On gasoline, the excise will move from the current rate of EC$2.50 to $3 – an increase of 20 per cent.
On gas and oils other than diesel, the excise has risen 40 per cent, moving from EC$1.50 to EC$2.10.
“It is important that this revised excise, and, indeed the price of fuel in St. Vincent and the Grenadines generally remain low, relative to our neighbours in the OECS,” Gonsalves told Parliament.
He said the adjustment is expected to generate an additional EC$4.2 million for the government.
Gonsalves said the significant increase in the importation of used motor vehicles has given rise to health and environmental concerns linked to increasing levels of vehicular emissions and increased dumping of derelict vehicles and used parts.
He said that in 2018, the government reduced the age of imported used vehicles, adding that this is a trend that will continue in the future.
“We cannot continue to spend more in health care to treat respiratory illnesses as such as asthma, which is increasing in prevalence in recent years,” he said.
He further stated that the number of vehicles in the country had grown exponentially over the last decade.
This, Gonsalves said, places tremendous pressure on the road network, hastening the deterioration of the service of the nation’s highways and secondary roads.
The finance minister said there are over 32,000 vehicles on the roads of St. Vincent and the Grenadines and, notwithstanding the increased government spending on road repairs and rehabilitation, the calls from the public for even more spending on the roads are quite evident.
He said that the excise on petroleum products was in response to these demands for spending on roads, healthcare and environmental protection.

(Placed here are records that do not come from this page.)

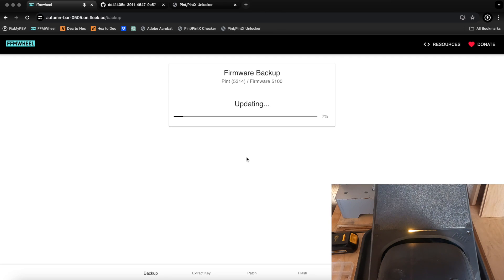Immediately after that, go back to FFM Wheel and retry the update — you can see it's doing its thing. Just wait for it to go through and you'll be able to continue just like you would normally if you weren't on 5100. That's all there is to it. For OG Pint, you can install the base 5040 firmware or use re-wheel for additional features. For Pint X, you can flash Gemini 5076 to get rid of haptic buzz.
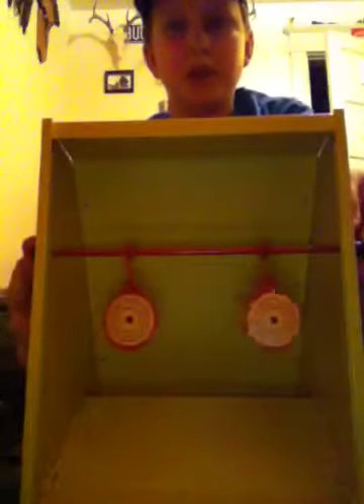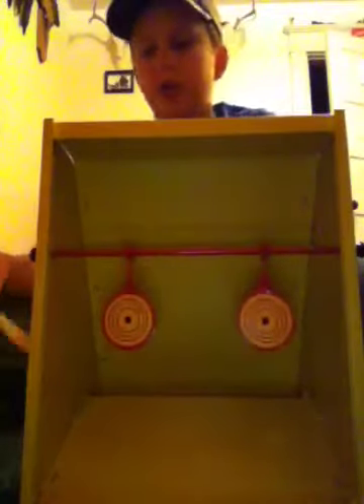Look, it comes with some different targets to shoot at. This one right here is just a normal target. It comes with different ones, but you can take this out if you don't want it anymore. You can also change these. See, there's the targets right there and there's ducks.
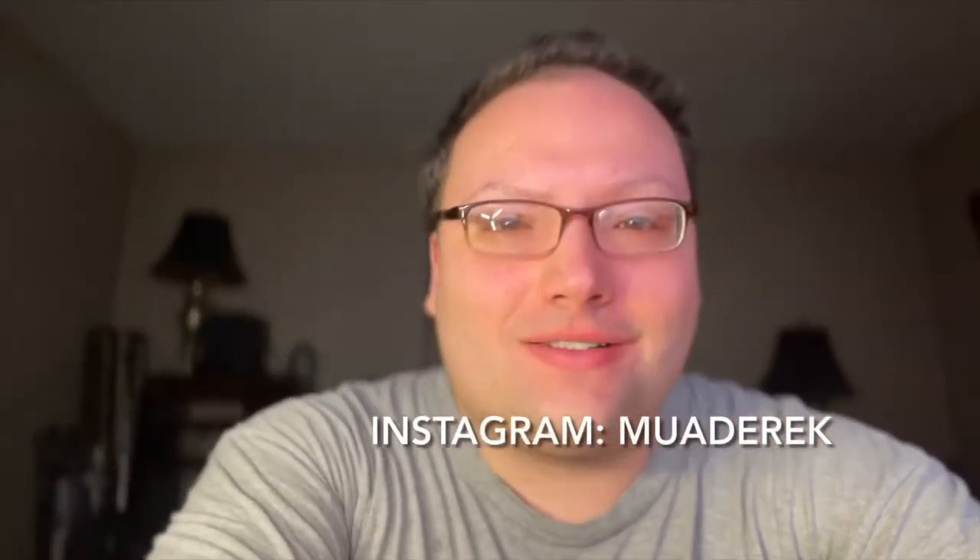Hello everyone, welcome back to my channel. It's getting into that season where everyone's flaunting their beach summer bodies and I'm over here trying to lose my weight that I gained during COVID. Anyway, this video is me switching out bags and going into a new one, because that's everyone's favorite thing to watch.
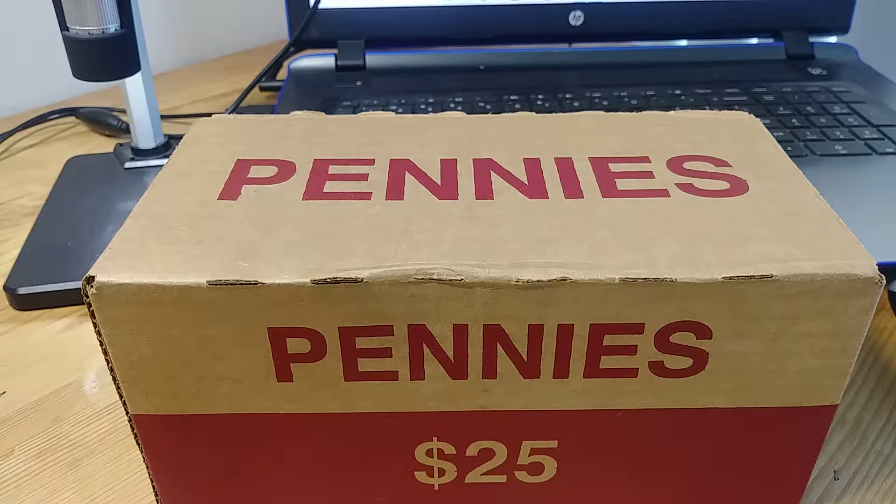What's going on YouTube, this is the Money Detective giving you another video. As you can see, what's right in front of us is a $25 penny box. We're going to go through this and see if we can find some wheats as well as other error coins. If you like the video, please subscribe, like the video, hit the notifications for new videos coming out, as well as leave a comment.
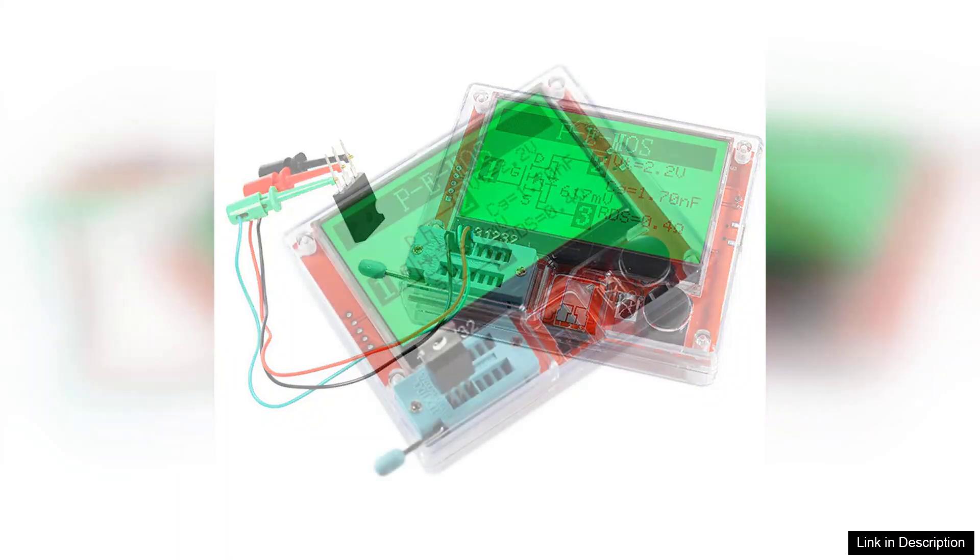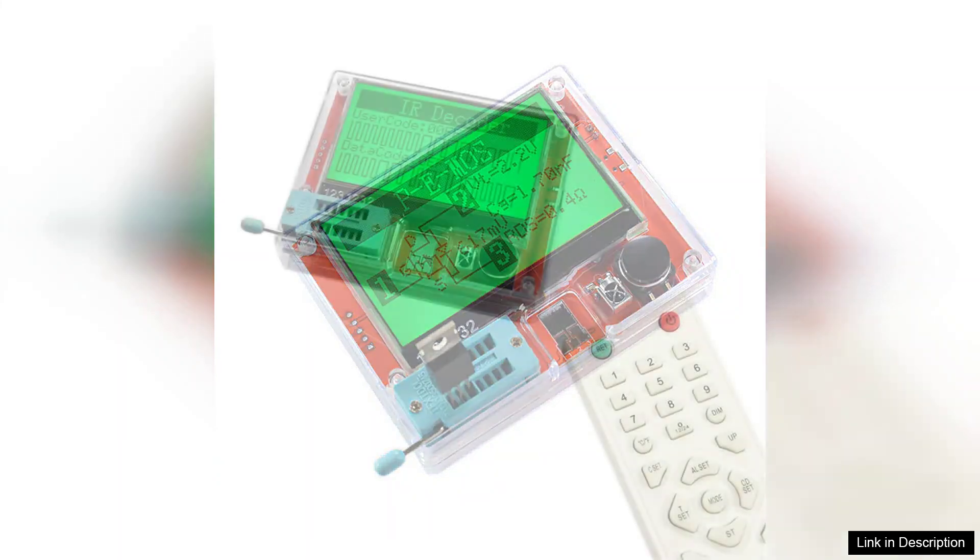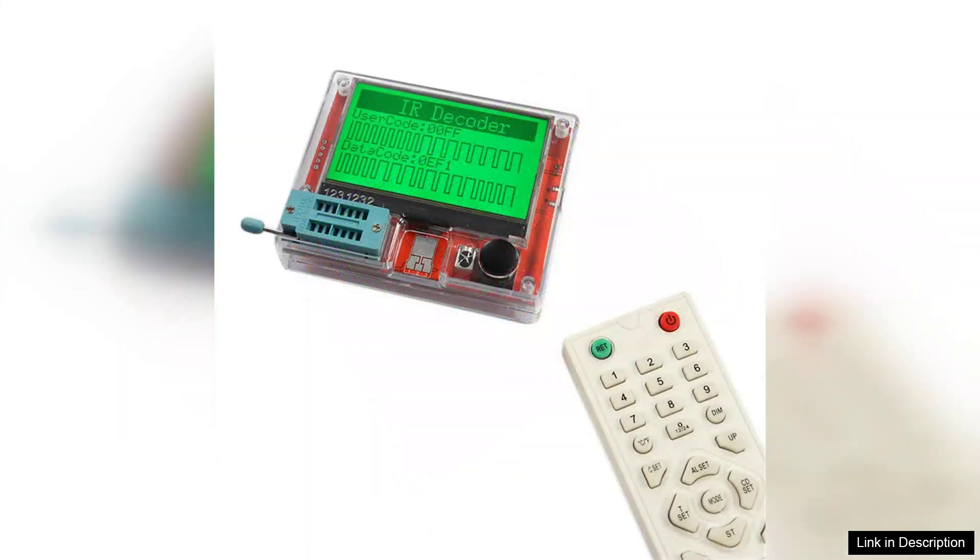The clear and vibrant TFT display provides real-time readings that are easy to interpret, reducing the chances of error during measurements. The device is powered by a 3.7V lithium battery, which offers ample runtime for extended projects. The battery life is commendable, ensuring that the tester is always ready when you need it.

The finance minister announced that the excise on water, including mineral waters and aerated waters, containing added sugar or other sweetening matter or flavour, would increase from 10 per cent to 20 per cent.
The excise on aerated beverages will rise from 10 per cent to 20 per cent.
The changes are expected to yield some EC$2.4 million in additional revenue.
Regarding alcoholic beverages, undenatured ethyl alcohol of an alcoholic strength by volume of 80 per cent or higher, will see an increase in excise by 10.7 per cent.
The excise on brandies, whiskies, gin, Geneva gin, vodka, and rum in bottles of strength not exceeding 46 per cent volume will increase by 20 per cent.
These changes are expected to generate EC$800,000
Regarding cigarettes containing tobacco, the excise will increase from $1.55 to EC$2.75 per 100 sticks.
For unmanufactured tobacco, tobacco refuse, the rate will increase from 6 per cent to 10 per cent, while the duty on cigars will move from 14 per cent to 20 per cent.
The excise levied on other manufactured tobacco and tobacco substitutes will move from 6 per cent to 10 per cent. Under the category “other”, the excise moved six percentage points, from 12 per cent to 18 per cent.
These measures are expected to generate $500,000 in revenue.
The 2019 budget represents a 7.4 per cent year-on-year increase that is accounted for on both the capital and recurrent sides of the fiscal package.
The 2019 budget is made up of recurrent expenditure, inclusive of amortisation and sinking fund contributions, of EC$844,763,703 and capital expenditure of EC$222,579,580.
The budget is financed by current revenue of EC$656,590,775 and capital receipts of EC$410,743,508.